CHANTILLY, France (Reuters) – G7 finance ministers will have the growing powers of big digital firms in their sights when they meet on Wednesday outside Paris despite divisions about how best to tax them.
French Finance Minister Bruno Le Maire delivers a speech during a conference entitled “Bretton Woods: 75 years later” in Paris, France, July 16, 2019. REUTERS/Philippe Wojazer
France wants to use its presidency of the two-day meeting in the picturesque chateau town of Chantilly north of Paris to get broad support for ensuring minimum corporate taxation.
G7 governments are concerned that decades-old international tax rules have been pushed to the limit by the emergence of Facebook and Apple, which book profits in low-tax countries regardless of the source of the underlying income.
The issue has become more vexed than ever in recent days as Paris defied U.S. President Donald Trump last week by passing a tax on big digital firms’ revenues in France despite a threat from him to launch a probe that could lead to trade tariffs.
“France is a sovereign nation and will continue of course to decide as a sovereign nation on all taxation issues,” French Finance Minister Bruno Le Maire said at a conference at the French central bank on the eve of the G7 meeting.
“So let’s work during the G7… on that key question of digital taxation because this is for us the best way to fix this issue,” Le Maire added.
Their bilateral dispute aside, France and the United States are in favor of rules ensuring minimum taxation as part of an effort among 139 countries to overhaul international tax rules.
Although a G7 agreement would set the tone for the broader push, an agreement among all of the G7 ministers on a minimum rate or range of rates is likely to prove elusive as Britain and Canada have reservations, a French Finance Ministry source said on Friday.
Common ground should be found more easily among ministers and central bankers present at the meeting on the issue of digital currencies and coins.

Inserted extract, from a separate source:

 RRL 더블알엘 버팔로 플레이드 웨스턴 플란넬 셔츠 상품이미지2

Facebook’s recent announcement of plans to launch a digital coin has met with a chorus from regulators, central bankers and governments insisting it must respect anti-money-laundering rules and ensure the security of transactions and user data.

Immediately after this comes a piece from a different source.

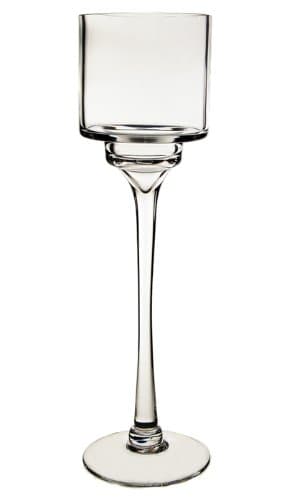 CYS EXCEL Long Stem Candle Holders, Hurricane Candle Holder, Pillar Candle Holder (4" Wide x 14" Tall)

But there are also deeper concerns that the growing powers of big tech companies increasingly encroach on areas belonging to governments, like issuing currency.
“These digital giants are turning into private states – states over which citizens have no control and where democracy has no place,” Le Maire said.
“We cannot let companies, which are serving private interests, gather all the attributes of sovereign states. We must act,” he added.
Off the official agenda, ministers are also due to consult on possible successors to replace Christine Lagarde at the head of the International Monetary Fund.
U.S. Secretary of the Treasury Steven Mnuchin and some European ministers are due to meet with Bank of England Governor Mark Carney, who has been mooted as a possible candidate for the IMF job.